This presentation has been postponed.

Abstract:

In late 2018, the Indian YouTube channel T-Series became the most highly subscribed channel in the world, surpassing Swedish vlogger Pewdie Pie with 63 billion views and 88 million subscribers. In this talk, I investigate the successful expansion of YouTube in India over the past decade by attending to the intertwining of music-media aesthetics and infrastructural shifts.

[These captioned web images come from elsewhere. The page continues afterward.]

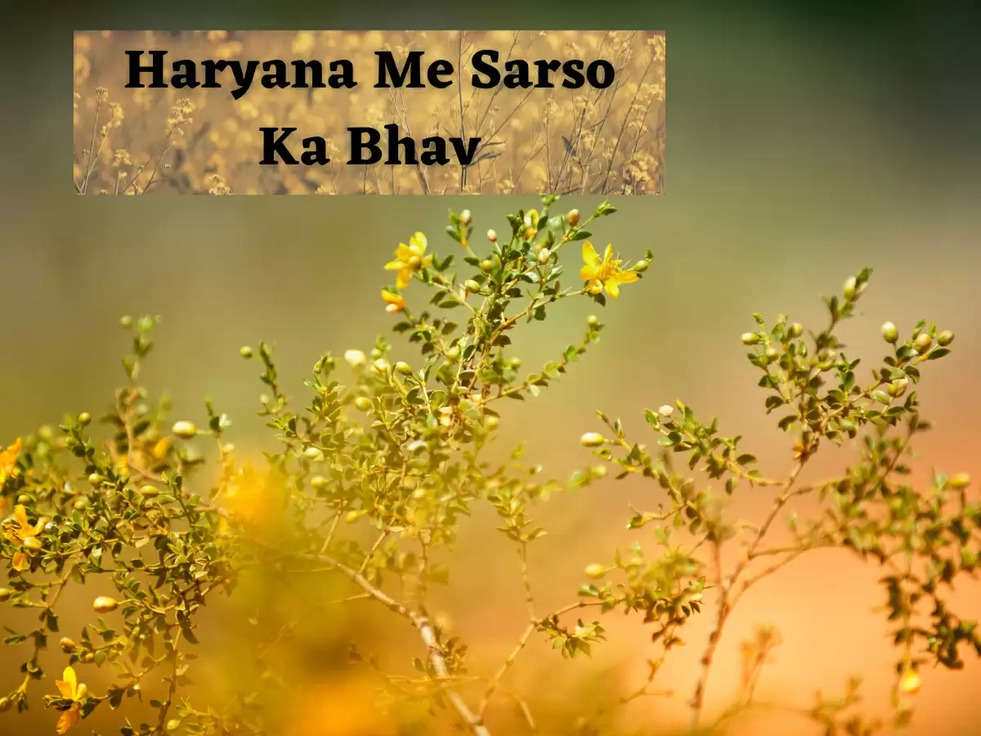 Haryana Me Sarso Ka Bhav: सरसों के ताजा भाव, कच्ची घानी, तेल के जानिए ताजा रेट, सरसों का भाव में आई कमी 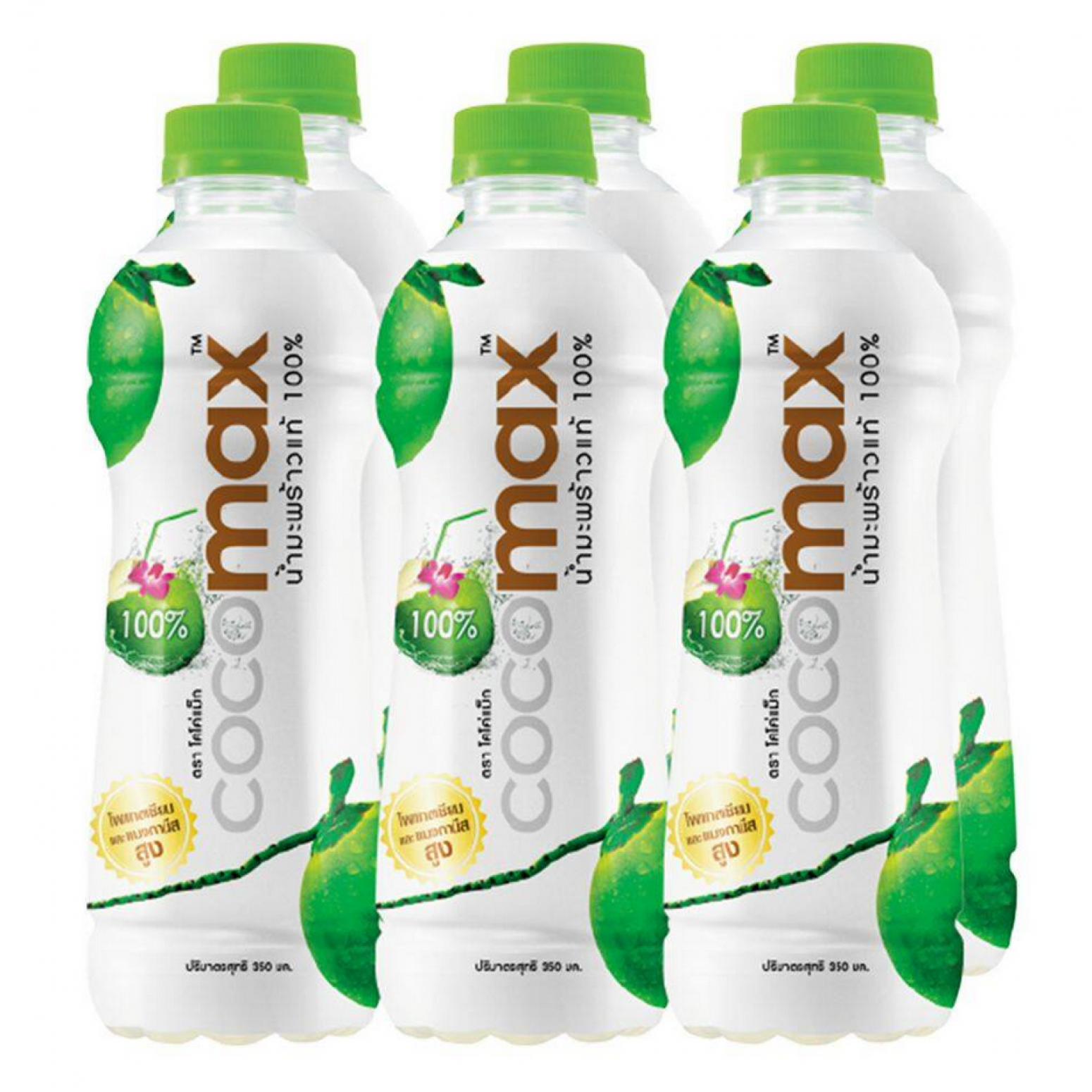 Cocomax Coconut Water 100percent 350ml. Pack 6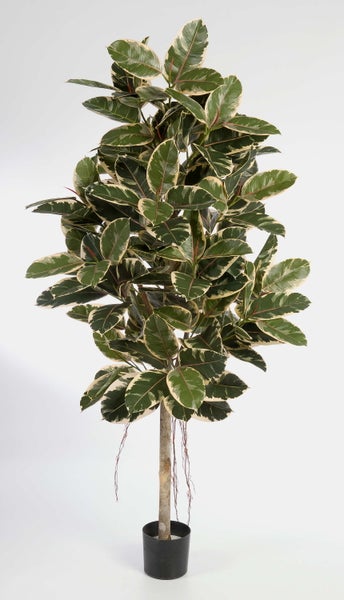 Künstlicher Gummibaum Ficus elastica mit panaschierten Blättern im schwarzen Kunststofftopf.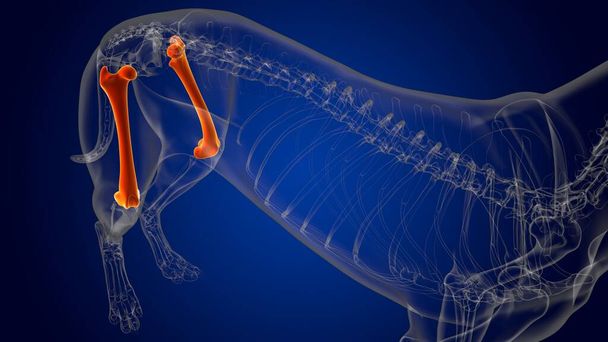 Huesos de fémur esqueleto de perro Anatomía para el concepto médico Ilustración 3D - Foto, Imagen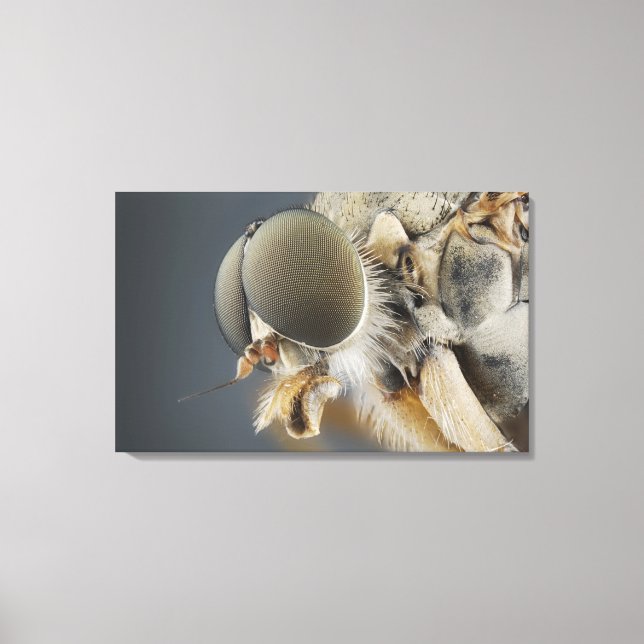 Lienzo Jefe de la Mosca de Snipe (Anverso)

Focusing on the videos and career of Shraddha Sharma, who became India’s first “YouTube star” in 2011, I highlight an aesthetics of intimacy that marked successful Indian YouTube musical acts between 2011 and 2015. In tandem, the talk outlines the changes in telecommunications and digital infrastructure that have enabled the widespread consumption of streaming media in India. Drawing together anthropological literature on infrastructures and ethnomusicological work on the social nature of aesthetics, I argue that the phenomenal success of YouTube in India over the past decade can best be understood as corporate responsiveness to increasing infrastructural availability through the modality of musical aesthetics.

Bio:

Anaar Desai-Stephens is an Assistant Professor of Ethnomusicology at the Eastman School of Music, University of Rochester. Anaar received her Ph.D. in Ethnomusicology from Cornell University in 2017, where she received the annual Donald J. Grout award for best dissertation in music. Her work has been supported by Cornell University’s Randel Dissertation and Teaching fellowship and the American Musicological Society’s Howard Mayer Brown Fellowship.

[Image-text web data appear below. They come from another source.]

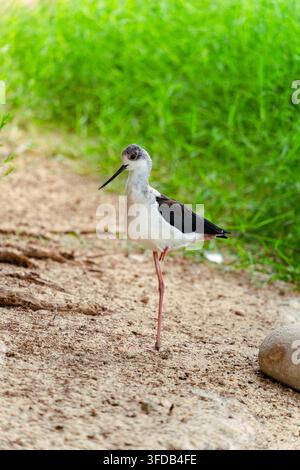 Oiseau à héron aux ailes noires debout sur une patte dans un habitat naturel en plein air Banque D'Images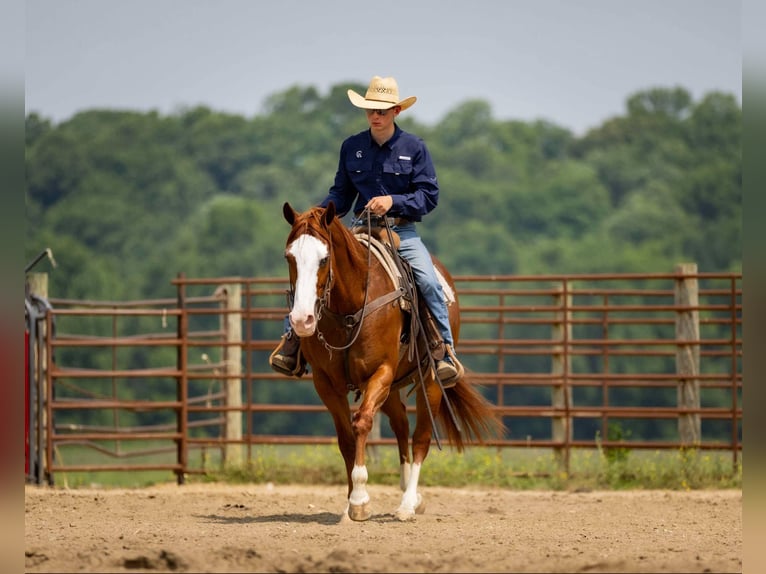 American Quarter Horse Klacz 12 lat 155 cm Kasztanowatodereszowata in Auburn, KY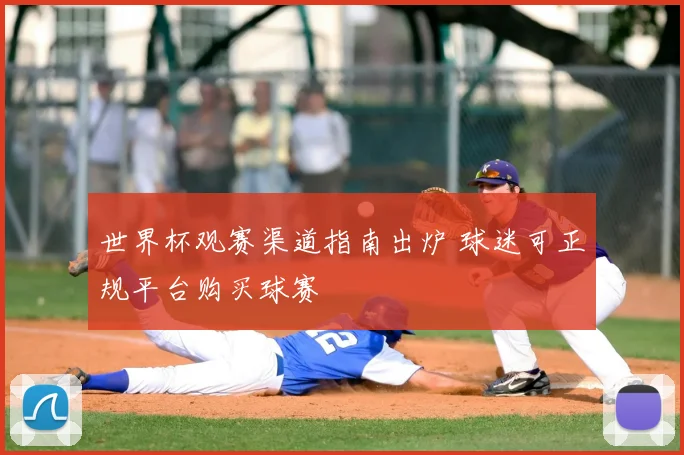 世界杯观赛渠道指南出炉 球迷可正规平台购买球赛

Her in-process monograph, Voicing Aspiration: Bollywood Songs and the Dreamwork of Contemporary India, explores the role of popular music as a medium for aspirational self-transformation in neoliberalizing India. She is the co-editor of “Musical Feelings and Affective Politics,” a recently published double issue of the interdisciplinary journal Culture Theory Critique. Trained as a violinist, Anaar is an active performer across a range of genres and currently plays with the Brazilian forró band “Forró estrellas du norte” (North Stars Forró).